Just weeks ago, activists gathered in Bolivia to celebrate the10th anniversary
of the ousting of Bechtel from the country after the water system was privatized. As the right to water movement grows stronger, advocating for public control of water resources, it seems like the opponent is also gearing up. The Guardian reports
Private companies are poised for a surge in demand to take over water supplies, despite widespread opposition to privatisation of what is seen as a life-giving public service.
Global Water Intelligence analysts expect the water supply market to grow about 20% in the next five years, and demand is especially strong in North Africa, the Middle East and China, GWI's publisher Christopher Gasson told the Guardian.
Another big growth area is likely to be the US, where "hundreds" of public water authorities thought to be talking to private operators, said Dan McCarthy, president and CEO of the global water division of engineering group Black & Veatch.

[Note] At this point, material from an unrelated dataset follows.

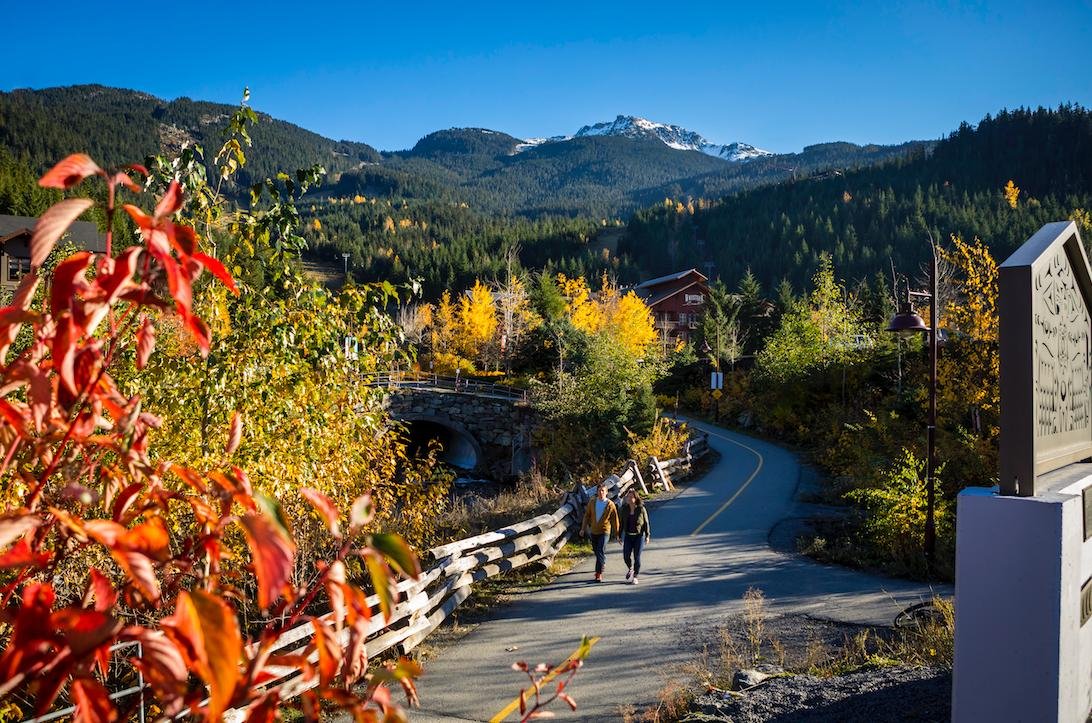 Two individuals walking on the Whistler Valley Trail. The trail is a smooth asphalt pathway, and you can see large mountains in the background. The photo appears to be taken in the Fall as the trees are various colours of green, red and yellow.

In the U.S. tough economic times coupled with a huge decrease in federal funds for water utilities over the last few decades (and especially during the Bush years) has meant that many municipalities are struggling to keep aging water pipes and infrastructure in shape. Private companies are swooping in, hoping to cash in on a deal but so far, privatization has been a nightmare for many of the towns that have attempted it. Food and Water Watch has a detailed report
here on their website -- but the most common complaints are poor service and higher rates -- pretty much a no brainer when you think that companies are serving shareholders and not customers.
The Guardian reports
on some of this, but this list of towns and cities who are fighting privatization is big:
Passionate opposition remains however, and not everything is going the private operators' way: officials in Gary, Indiana, in the US, want to terminate their private contract early, claiming they can do the job for half the price; and the concession to supply 2 million residents in central Paris was recently awarded to a public authority, after 25 years of private operation.
The reason why, Maude Barlow sums up
"I don't think anybody should be making money from delivering water because it can be done in the public sector on a not-for-profit basis," said Barlow. "No corporation can survive on that basis ... You make decisions about life and death because you have to make a profit, and that's the issue here."